Records from a collection
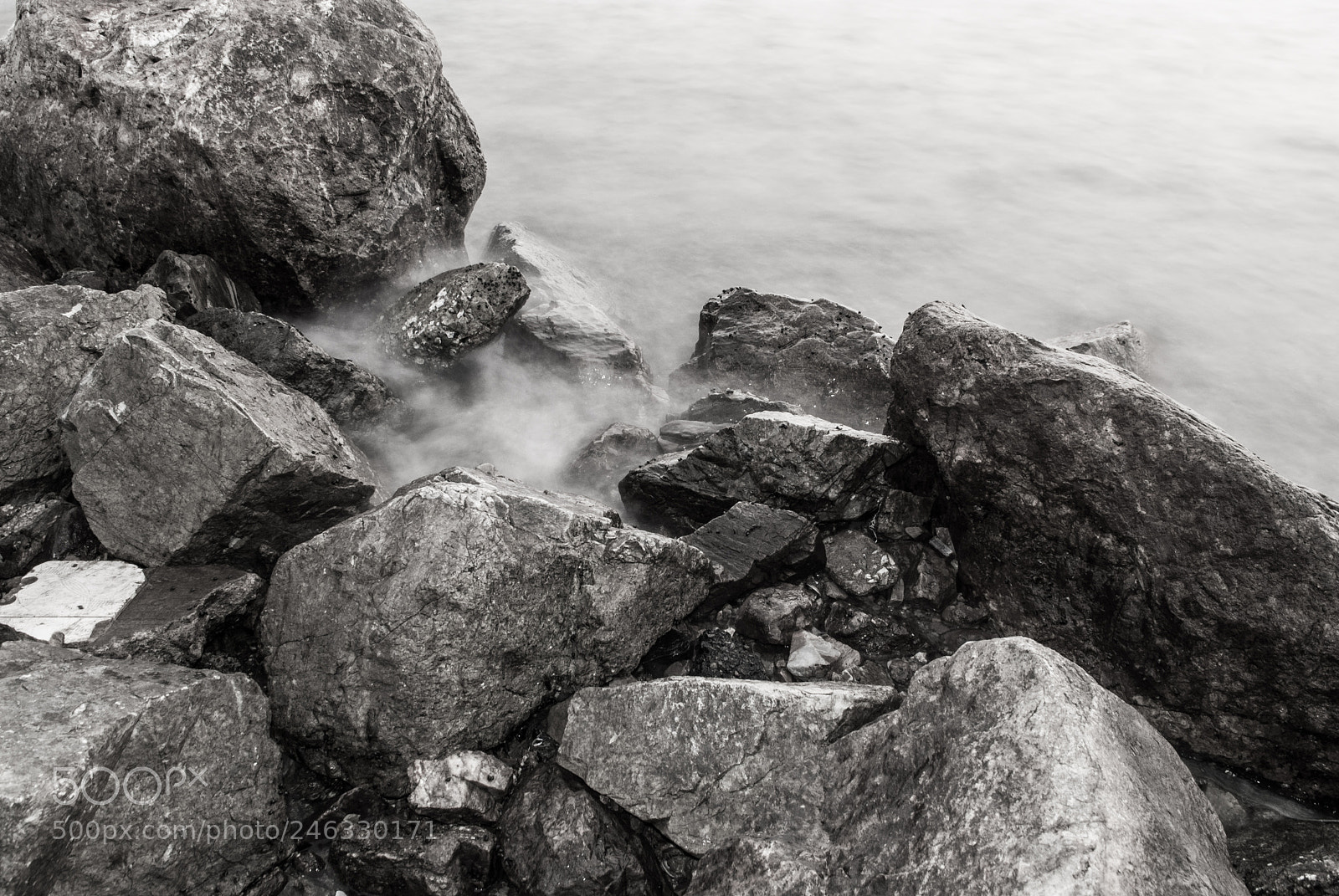 Nikon D3000 sample photo. Hot shore photography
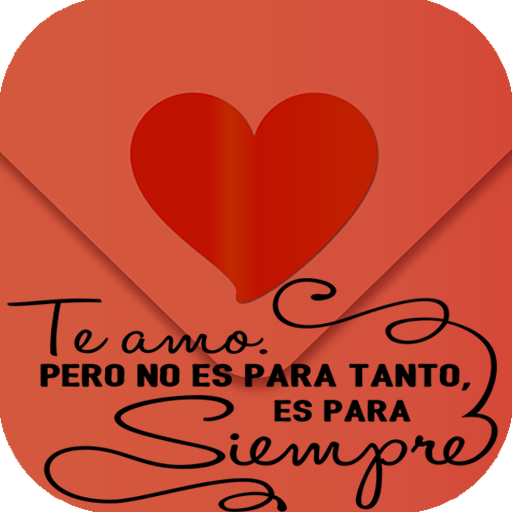 letters and love poems icon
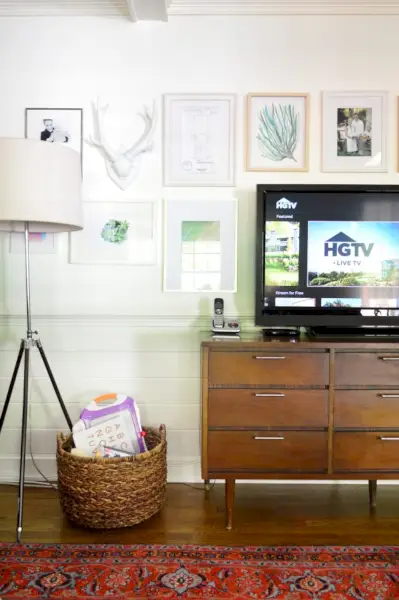 De kabel doorsnijden HGTV-streamingkanaal Roku
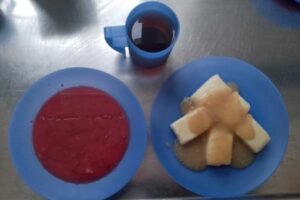 18.12.2023r. Obiad Dieta łatwostrawna SKDJ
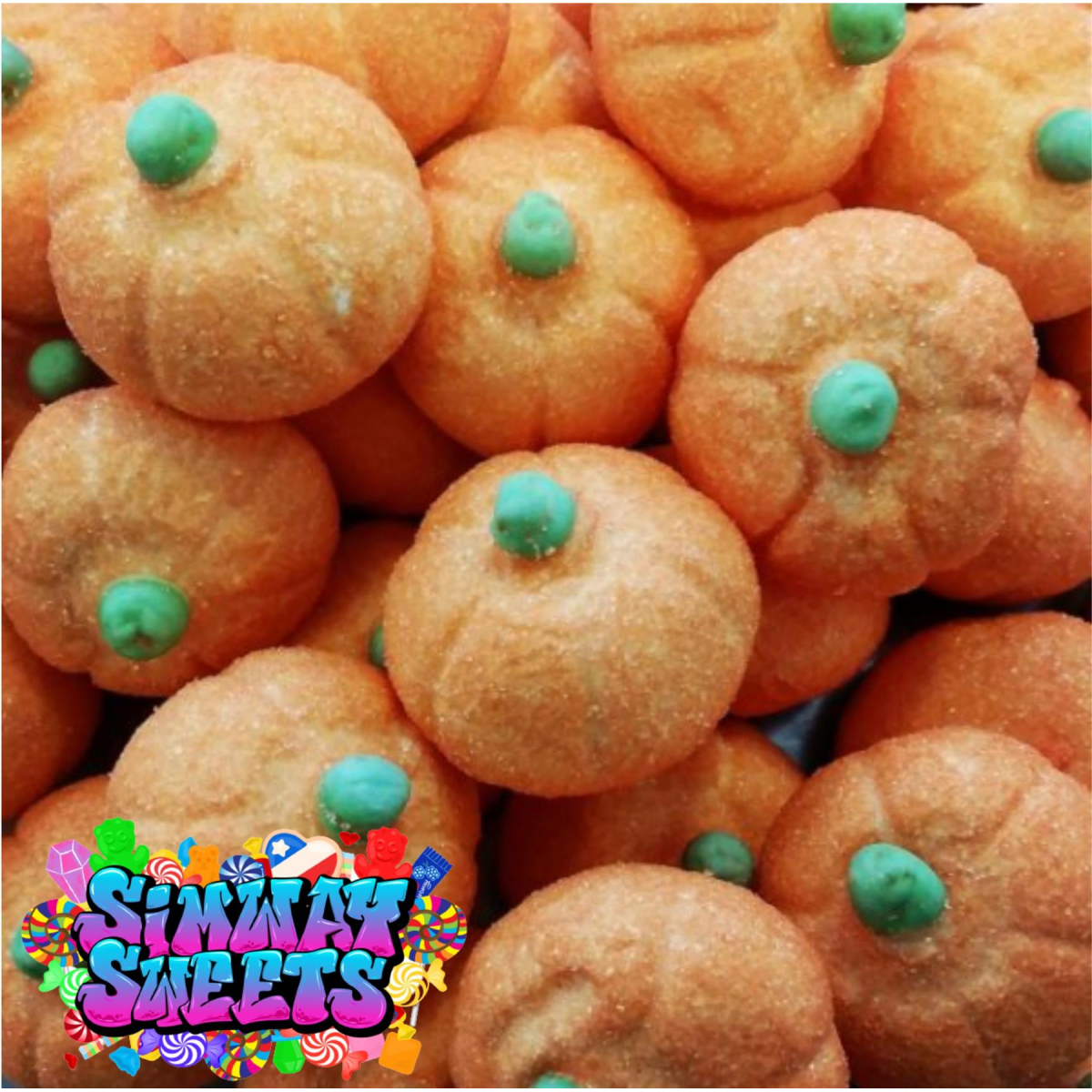Pumpkin Mallows Sweets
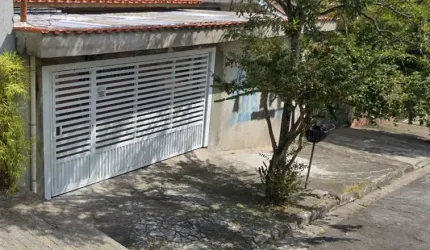Casa à venda 3 quartos 1 suíte 3 vagas Independência - São Bernardo do Campo - SP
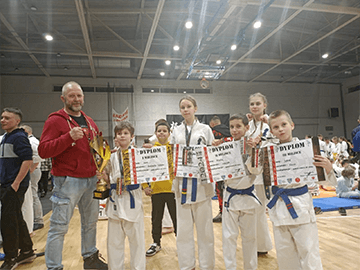 Puchar Polski Karate Kyokushin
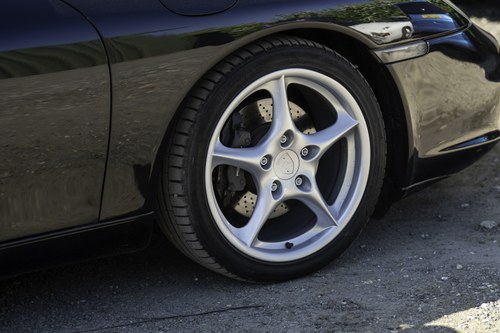 2001 Porsche 911 Carrera 2 Tiptronic 996.2 For Sale (picture 101 of 157)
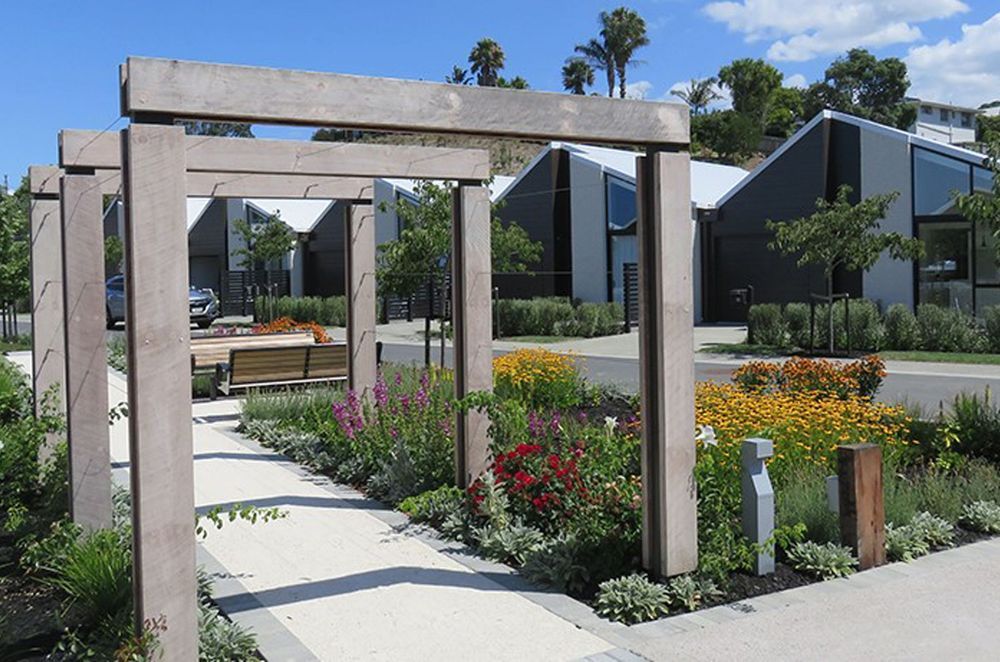 Plant selection: Social spaces for senior living communities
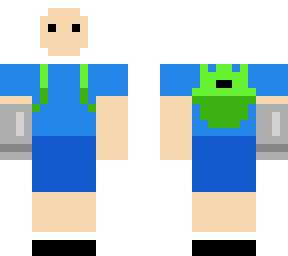 finn the human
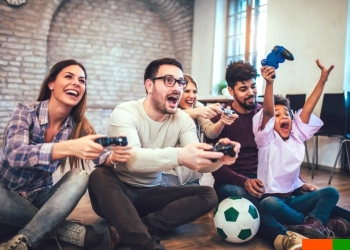 Videojuegos para Jugar en Familia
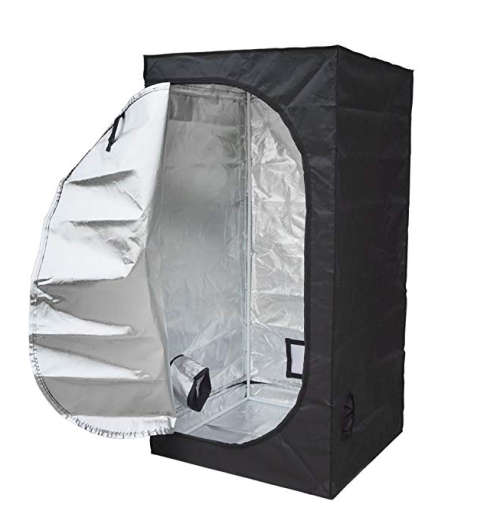 INDOOR GROW TENT AND 2 x LED GROW LIGHT COMBO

▶ [Problem requirements]: Reproduce, exactly and with no pictures, the lines from the line containing "Casa à venda" through the closing line of the data above, keeping both ends.

▶ [Answer area]:
Casa à venda 3 quartos 1 suíte 3 vagas Independência - São Bernardo do Campo - SP
 Puchar Polski Karate Kyokushin
 2001 Porsche 911 Carrera 2 Tiptronic 996.2 For Sale (picture 101 of 157)
 Plant selection: Social spaces for senior living communities
 finn the human
 Videojuegos para Jugar en Familia
 INDOOR GROW TENT AND 2 x LED GROW LIGHT COMBO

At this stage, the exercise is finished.